### Listed entries
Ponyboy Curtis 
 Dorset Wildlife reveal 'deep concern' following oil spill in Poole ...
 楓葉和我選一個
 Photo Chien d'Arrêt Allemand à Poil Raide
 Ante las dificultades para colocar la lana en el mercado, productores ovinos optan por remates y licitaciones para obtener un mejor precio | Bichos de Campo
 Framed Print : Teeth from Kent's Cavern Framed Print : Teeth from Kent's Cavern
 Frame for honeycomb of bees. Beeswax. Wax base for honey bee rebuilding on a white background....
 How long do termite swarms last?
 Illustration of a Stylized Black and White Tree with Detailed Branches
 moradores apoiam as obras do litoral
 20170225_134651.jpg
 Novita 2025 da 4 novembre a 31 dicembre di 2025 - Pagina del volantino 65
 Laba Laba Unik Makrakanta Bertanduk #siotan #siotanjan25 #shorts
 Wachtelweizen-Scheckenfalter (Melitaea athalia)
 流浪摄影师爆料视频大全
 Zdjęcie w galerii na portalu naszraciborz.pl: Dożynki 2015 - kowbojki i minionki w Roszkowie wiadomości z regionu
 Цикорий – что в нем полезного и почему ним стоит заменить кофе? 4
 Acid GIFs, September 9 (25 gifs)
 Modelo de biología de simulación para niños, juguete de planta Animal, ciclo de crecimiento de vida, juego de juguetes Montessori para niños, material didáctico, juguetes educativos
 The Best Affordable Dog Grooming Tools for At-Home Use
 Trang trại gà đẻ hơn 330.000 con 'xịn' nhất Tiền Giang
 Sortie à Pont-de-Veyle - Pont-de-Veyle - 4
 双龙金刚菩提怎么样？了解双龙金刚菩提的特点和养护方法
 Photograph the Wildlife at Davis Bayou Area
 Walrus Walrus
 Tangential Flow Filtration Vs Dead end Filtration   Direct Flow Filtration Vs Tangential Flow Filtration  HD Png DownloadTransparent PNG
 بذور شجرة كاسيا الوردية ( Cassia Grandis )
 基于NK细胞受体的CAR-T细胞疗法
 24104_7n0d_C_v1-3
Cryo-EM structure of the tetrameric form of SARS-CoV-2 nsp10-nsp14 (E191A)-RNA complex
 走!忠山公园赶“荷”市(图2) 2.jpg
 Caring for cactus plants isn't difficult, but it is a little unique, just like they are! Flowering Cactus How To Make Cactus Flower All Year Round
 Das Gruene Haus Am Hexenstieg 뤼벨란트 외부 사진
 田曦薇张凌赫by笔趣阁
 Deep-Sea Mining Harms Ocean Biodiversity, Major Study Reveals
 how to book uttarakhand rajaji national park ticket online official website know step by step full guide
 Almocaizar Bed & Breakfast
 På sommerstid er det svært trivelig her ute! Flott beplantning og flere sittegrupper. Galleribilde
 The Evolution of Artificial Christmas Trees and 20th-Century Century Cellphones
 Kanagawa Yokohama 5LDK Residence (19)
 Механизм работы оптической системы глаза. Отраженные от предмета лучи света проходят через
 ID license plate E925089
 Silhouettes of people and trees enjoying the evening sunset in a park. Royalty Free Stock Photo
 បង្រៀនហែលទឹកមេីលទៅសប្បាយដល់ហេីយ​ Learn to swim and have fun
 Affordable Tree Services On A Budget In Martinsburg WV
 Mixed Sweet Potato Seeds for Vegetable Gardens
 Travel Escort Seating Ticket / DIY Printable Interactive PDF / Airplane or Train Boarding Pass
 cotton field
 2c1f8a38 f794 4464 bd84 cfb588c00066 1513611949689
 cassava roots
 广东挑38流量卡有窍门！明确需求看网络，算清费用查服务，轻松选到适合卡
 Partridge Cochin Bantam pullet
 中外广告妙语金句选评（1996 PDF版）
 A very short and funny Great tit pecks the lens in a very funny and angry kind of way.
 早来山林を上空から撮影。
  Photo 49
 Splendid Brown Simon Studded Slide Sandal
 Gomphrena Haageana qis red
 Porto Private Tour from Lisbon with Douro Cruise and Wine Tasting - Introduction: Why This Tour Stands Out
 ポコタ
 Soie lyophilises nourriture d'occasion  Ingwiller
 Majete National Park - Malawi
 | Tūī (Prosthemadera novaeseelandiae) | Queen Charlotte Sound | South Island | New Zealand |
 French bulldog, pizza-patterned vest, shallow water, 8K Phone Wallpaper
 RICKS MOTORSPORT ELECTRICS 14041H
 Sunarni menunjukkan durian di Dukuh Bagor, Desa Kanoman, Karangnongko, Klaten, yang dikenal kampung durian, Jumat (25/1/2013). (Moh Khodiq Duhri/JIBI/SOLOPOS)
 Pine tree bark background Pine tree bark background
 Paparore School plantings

### To do
The answer should consist of every line from the listing above that includes the word "Affordable".

### Exercise result
 The Best Affordable Dog Grooming Tools for At-Home Use
 Affordable Tree Services On A Budget In Martinsburg WV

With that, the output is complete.